Processing means any operation or set of operations which is performed on personal data or on sets of personal data, whether or not by automated means, such as:
  • collection
  • recording
  • organisation
  • structuring
  • storage
  • adaptation
  • alteration
  • retrieval
  • consultation
  • use
  • erasure or destruction
  • etc.

Processing Purpose
Processing Purpose means the reason why you process personal data.

Controller means the natural or legal person, public authority, agency or other body which, alone or jointly with others, determines the purposes and means of the processing of personal data;
where the purposes and means of such processing are determined by Union or Member State law, the controller or the specific criteria for its nomination may be provided for in Union or Member State law.

Processor means a natural or legal person, public authority, agency or other body which
processes personal data on behalf of the controller.

Recipient means a natural or legal person, public authority, agency or another body, to which the personal data are disclosed, whether a third party or not.
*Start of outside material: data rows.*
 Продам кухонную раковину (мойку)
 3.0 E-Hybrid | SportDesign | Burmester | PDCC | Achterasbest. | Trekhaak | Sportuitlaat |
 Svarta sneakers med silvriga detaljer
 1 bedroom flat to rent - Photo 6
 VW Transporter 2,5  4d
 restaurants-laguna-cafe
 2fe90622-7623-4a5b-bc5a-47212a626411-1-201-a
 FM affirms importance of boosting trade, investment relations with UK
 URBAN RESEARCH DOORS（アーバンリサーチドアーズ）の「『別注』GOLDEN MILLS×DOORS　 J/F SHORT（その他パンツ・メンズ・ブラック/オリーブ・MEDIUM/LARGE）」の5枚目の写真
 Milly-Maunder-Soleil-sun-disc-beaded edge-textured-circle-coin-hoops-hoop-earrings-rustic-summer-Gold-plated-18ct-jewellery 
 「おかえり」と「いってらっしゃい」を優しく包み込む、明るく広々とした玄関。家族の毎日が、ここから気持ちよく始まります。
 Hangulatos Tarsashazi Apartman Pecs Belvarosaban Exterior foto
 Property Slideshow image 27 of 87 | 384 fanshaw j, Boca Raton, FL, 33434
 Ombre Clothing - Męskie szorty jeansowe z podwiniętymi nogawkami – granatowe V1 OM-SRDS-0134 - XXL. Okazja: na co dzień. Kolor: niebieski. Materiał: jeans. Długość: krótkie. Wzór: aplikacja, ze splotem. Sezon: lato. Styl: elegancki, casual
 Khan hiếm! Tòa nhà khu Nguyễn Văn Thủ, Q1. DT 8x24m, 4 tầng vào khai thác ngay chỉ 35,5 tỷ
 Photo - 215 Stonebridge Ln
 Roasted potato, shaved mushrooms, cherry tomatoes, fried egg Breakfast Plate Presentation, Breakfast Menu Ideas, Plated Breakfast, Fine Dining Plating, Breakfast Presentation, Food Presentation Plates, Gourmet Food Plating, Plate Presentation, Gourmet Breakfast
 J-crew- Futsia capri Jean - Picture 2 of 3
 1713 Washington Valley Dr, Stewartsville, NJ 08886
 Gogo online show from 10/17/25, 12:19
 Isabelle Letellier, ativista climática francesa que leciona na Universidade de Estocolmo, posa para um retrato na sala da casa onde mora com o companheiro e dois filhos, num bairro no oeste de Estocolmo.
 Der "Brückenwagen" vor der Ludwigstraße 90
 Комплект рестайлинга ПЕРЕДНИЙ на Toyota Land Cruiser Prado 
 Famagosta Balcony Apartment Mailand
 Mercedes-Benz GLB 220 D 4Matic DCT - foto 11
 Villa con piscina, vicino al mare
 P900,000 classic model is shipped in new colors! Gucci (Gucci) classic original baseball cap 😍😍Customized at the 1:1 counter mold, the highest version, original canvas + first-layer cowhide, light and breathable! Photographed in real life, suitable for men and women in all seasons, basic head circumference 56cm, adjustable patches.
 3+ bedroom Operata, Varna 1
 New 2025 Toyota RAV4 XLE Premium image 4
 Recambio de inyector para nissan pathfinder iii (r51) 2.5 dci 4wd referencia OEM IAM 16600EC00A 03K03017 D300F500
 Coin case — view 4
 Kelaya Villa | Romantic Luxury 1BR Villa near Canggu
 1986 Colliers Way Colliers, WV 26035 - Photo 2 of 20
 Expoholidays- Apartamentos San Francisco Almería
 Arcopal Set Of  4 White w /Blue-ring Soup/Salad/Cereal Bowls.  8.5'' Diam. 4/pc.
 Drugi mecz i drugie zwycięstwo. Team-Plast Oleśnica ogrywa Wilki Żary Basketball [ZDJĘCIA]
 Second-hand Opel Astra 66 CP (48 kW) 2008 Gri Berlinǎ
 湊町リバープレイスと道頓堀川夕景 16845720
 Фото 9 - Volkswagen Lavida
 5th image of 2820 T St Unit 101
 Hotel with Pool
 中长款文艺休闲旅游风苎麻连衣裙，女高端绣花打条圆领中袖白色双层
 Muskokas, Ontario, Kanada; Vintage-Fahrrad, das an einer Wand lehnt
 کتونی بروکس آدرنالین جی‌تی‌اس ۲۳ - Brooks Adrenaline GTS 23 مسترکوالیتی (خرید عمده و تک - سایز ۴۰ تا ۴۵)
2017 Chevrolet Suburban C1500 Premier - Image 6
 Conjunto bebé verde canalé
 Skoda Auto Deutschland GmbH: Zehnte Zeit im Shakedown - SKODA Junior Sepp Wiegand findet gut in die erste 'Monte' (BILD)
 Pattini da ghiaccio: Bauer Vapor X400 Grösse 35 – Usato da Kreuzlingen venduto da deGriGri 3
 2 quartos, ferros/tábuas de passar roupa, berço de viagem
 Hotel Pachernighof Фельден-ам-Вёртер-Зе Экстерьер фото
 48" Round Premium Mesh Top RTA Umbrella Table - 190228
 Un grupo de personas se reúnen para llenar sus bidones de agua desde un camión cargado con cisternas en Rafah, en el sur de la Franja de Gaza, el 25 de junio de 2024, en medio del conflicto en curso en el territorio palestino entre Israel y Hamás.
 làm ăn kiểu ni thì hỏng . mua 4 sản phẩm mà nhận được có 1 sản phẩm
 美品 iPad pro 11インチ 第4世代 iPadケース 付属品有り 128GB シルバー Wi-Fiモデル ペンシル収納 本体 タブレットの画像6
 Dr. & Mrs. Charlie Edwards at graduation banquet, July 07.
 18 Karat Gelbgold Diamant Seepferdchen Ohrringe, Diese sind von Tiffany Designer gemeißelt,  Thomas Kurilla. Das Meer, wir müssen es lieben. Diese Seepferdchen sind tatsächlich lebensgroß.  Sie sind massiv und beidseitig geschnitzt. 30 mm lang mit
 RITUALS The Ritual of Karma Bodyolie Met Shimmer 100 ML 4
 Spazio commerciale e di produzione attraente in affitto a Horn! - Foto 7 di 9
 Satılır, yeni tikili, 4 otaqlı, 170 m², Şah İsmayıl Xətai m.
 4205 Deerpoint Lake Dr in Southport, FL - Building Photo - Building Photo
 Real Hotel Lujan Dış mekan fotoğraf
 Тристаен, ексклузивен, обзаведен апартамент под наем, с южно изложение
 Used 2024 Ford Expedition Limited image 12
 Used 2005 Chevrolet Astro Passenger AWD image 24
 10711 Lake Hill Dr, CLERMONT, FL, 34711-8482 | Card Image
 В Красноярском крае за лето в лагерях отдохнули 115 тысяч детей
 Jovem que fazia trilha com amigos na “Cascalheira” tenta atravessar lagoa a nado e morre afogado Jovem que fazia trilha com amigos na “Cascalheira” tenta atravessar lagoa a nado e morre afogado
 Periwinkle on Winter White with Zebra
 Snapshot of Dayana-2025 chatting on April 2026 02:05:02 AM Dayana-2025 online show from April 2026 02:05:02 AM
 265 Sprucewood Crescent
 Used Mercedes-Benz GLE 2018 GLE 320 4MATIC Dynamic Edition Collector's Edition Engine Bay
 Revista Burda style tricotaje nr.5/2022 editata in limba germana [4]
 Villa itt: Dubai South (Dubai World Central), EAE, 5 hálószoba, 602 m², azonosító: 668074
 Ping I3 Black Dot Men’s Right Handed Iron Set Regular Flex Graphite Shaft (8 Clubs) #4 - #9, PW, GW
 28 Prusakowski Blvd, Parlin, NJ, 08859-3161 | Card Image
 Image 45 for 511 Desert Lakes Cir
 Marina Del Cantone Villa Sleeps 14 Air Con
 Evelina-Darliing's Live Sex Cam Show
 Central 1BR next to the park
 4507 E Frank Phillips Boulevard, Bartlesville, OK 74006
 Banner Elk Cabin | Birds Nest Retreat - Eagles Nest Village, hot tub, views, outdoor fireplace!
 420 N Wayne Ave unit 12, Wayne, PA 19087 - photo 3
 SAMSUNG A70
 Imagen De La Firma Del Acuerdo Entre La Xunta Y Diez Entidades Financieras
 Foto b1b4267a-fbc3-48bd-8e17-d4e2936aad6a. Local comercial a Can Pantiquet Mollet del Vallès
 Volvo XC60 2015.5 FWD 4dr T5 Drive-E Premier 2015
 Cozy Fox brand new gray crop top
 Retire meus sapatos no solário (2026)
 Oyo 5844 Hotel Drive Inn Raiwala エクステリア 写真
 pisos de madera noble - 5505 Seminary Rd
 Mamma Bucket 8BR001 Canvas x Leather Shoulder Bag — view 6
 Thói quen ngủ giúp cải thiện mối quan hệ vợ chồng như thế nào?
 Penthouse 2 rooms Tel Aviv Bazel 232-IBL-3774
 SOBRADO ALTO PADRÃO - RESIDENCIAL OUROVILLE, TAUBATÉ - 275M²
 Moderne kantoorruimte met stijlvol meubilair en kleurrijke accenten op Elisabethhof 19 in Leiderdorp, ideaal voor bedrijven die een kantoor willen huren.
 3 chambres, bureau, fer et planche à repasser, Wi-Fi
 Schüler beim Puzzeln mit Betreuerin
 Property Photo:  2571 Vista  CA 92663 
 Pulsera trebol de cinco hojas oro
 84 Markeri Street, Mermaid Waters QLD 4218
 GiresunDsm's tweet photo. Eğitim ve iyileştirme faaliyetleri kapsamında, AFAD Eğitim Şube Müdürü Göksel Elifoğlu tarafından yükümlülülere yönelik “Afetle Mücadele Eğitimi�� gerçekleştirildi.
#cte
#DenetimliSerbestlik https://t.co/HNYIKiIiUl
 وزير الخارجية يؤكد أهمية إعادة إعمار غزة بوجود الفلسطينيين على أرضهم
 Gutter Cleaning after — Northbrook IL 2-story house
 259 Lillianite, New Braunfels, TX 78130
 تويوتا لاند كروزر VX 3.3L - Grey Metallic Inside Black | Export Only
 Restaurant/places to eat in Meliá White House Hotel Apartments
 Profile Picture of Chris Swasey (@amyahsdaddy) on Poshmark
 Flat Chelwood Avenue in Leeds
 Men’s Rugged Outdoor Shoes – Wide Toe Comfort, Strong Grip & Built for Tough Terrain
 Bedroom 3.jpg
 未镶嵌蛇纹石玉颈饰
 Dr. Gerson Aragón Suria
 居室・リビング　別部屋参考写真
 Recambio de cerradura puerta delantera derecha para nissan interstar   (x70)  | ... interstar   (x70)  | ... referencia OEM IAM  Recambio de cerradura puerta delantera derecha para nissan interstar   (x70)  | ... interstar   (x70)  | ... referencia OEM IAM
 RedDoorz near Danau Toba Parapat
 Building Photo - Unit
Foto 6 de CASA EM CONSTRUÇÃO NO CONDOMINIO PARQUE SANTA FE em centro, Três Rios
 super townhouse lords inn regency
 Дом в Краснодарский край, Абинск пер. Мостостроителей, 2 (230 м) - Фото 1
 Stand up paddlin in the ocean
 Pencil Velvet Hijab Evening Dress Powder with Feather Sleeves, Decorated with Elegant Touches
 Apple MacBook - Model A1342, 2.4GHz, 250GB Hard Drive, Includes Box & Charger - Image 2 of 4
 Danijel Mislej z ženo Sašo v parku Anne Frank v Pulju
However, public authorities which may receive personal data in the framework of a particular inquiry in accordance with Union or Member State law shall not be regarded as recipients; the processing of those data by those public authorities shall be in compliance with the applicable data protection rules according to the purposes of the processing.

Supervisory Authority
Supervisory Authority (Data Protection Authority) means an independent public authority which is established by a Member State pursuant to Article 51 GDPR.

Consent of the data subject means any freely given, specific, informed and unambiguous
indication of the data subjects wishes by which he or she, by a statement or by a clear
affirmative action, signifies agreement to the processing of personal data relating to him or her.

EU-U.S. Privacy Shield Framework
The EU-U.S. Privacy Shield Framework was designed by the U.S. Department of Commerce, and the European Commission to provide companies on both sides of the Atlantic with a mechanism to comply with data protection requirements when transferring personal data from the European Union to the United States in support of transatlantic commerce. On July 12, 2016, the European Commission deemed the EU-U.S. Privacy Shield Framework adequate to enable data transfers under EU law.

Adequacy Decision by the Commission
The European Commission has the power to determine, on the basis of article 45 GDPR, whether a country outside the EU offers an adequate level of data protection, whether by its domestic legislation or of the international commitments it has entered into.
The effect of such a decision is that personal data can flow from the EEA (EU and Norway,
Liechtenstein and Iceland) to that third country without any further safeguard being ecessary.
The European Commission has so far recognised Andorra, Argentina, Canada (commercial
organisations - PIPEDA), Faroe Islands, Guernsey, Israel, Isle of Man, Jersey, New Zealand,
Switzerland, Uruguay and the US (limited to the Privacy Shield framework) as providing dequate protection.

Personal Data Breach
Personal Data Breach means a breach of security leading to the accidental or unlawful
destruction, loss, alteration, unauthorised disclosure of, or access to, personal data transmitted,stored or otherwise processed.

Enterprise means a natural or legal person engaged in an economic activity, irrespective of its legal form, including partnerships or associations regularly engaged in an economic activity.

Group of undertakings
Group of undertakings means a controlling undertaking and its controlled undertakings.